これでもかってほど酷い人生が痛々しくリアルに書かれています。
どこか生々しい書き方だなと私は感じました。
世代を問わずに見て欲しい作品です。
おまえ、という問いかけはシュウジに対してだけ言っているわけではないはずです。
ごく普通のストーリーが悲しい
★★★★★
人が孤独であること。人は人と繋がりあうことなど実は決してないこと。人の一生には救いもなければ、絶望もないこと。いかなる宗教も答えは示してくれないこと。
自明のことでも、こうした作品にされるととても悲しく、辛い。普段のリアルな人生だって十分悲しく辛いのに、読み出したら痛みが伴う。涸れたはずの涙まで出てくる。
深い悲しみや辛さを知っている人は読むのは控えられた方がいいかも知れません。
逆にそうした感情をこれまで抱いたことがない、ハッピー人生の方には一読することをおすすめします。
救済のない孤独ってどんな感じか、シミュレーションできます。
地獄ですよ、ホントに……。
電車の中では読みにくい
★★★☆☆
重松清の作品を最近つづけて読んでいますが、この作品はこれまでのものとは違う。
主人公の少年が、これでもかこれでもかと、徹底的に酷い運命にさいなまれていく。
ここまで徹底して人の悪意によって落とされていくというと、もう笑うしかないという感じになってくる。
結末は、少ししっくりこなかった。
現実の不幸というのは、ここまでは徹底されない中途半端なところにあるとも思う。
露骨な暴力や性的描写があり、電車の中で読むにははばかられるところもあった。
重松清の作品をこれから読む方には、もっと他のものから読み始めることをお勧めしたい。
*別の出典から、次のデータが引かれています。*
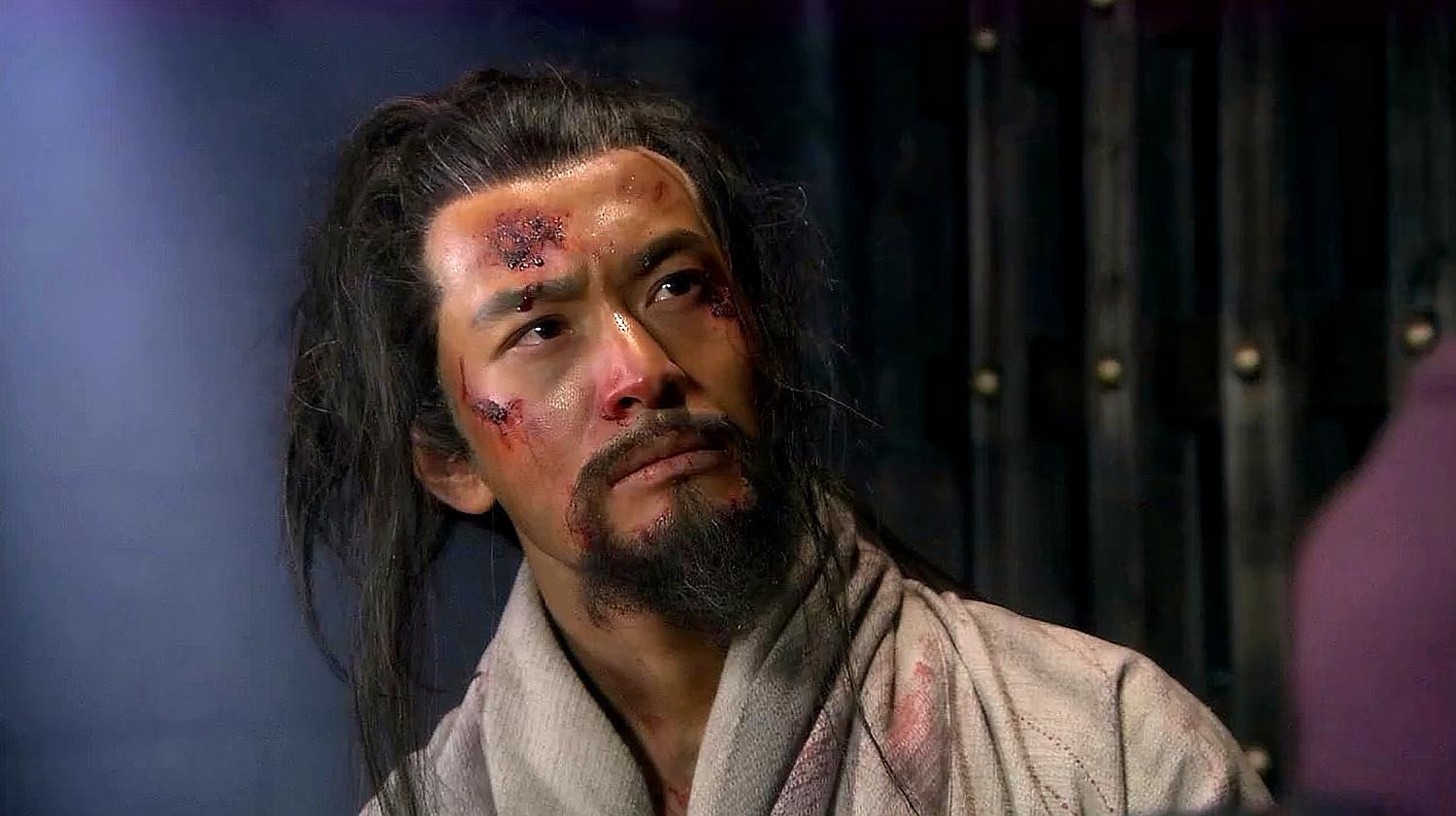 岳飞被杀害时,负责行刑的监斩官是杨家将后人,还是百战名将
「流星ワゴン」とか「半パン・デイズ」とかですね。
圧倒的な疾走感。
★★★★☆
「疾走」というタイトルの通り、駆け抜けるようにストーリーが展開していきます。
遅れ気味のスタートから、いつの間にか速度を上げていき、やがてトップスピードにのり、いつの間にか読了している、そんな小説でした。
毎度のことながら、著者の筆力、読ませきる力には、ただただ、感服です。
ただ、あえて苦言を呈するなら、下巻からの目まぐるしい展開に多少の違和感を覚え、市井の生活をリアルにあぶりだす力に長けた著者にしては、珍しく、作られた感が否めないことも事実です。
余談ですが、登場人物の“エリ”を想像するとき、常に沢尻エリカが頭に浮かんでいました。映画化の際には、ぜひ演じてもらいたいです。